INPUT DATA:
########################################
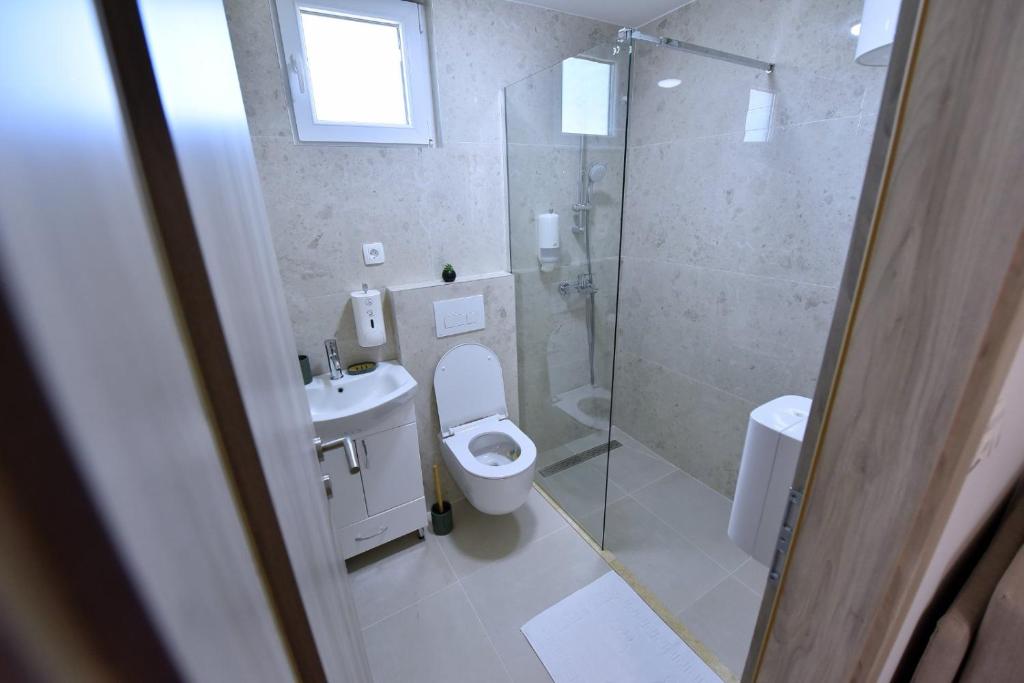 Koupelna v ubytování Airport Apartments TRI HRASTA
########################################
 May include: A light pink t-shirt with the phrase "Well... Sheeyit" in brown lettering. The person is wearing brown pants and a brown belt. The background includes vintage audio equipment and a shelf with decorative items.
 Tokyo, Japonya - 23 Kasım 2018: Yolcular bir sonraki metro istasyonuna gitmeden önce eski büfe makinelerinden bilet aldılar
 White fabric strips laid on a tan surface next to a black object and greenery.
########################################
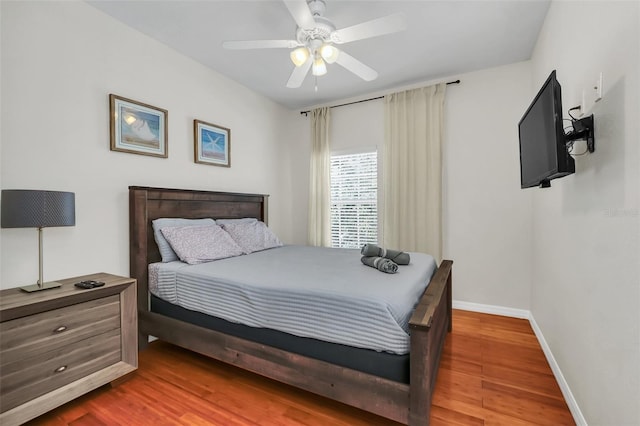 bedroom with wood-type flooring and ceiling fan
########################################
WHAT TO WORK ON:
Look above for the line with "Tokyo, Japonya - 23" and the line with "White fabric strips". Retype those two lines and every line between them exactly, adding nothing.

SOLUTION TO THIS EXERCISE:
 Tokyo, Japonya - 23 Kasım 2018: Yolcular bir sonraki metro istasyonuna gitmeden önce eski büfe makinelerinden bilet aldılar
 White fabric strips laid on a tan surface next to a black object and greenery.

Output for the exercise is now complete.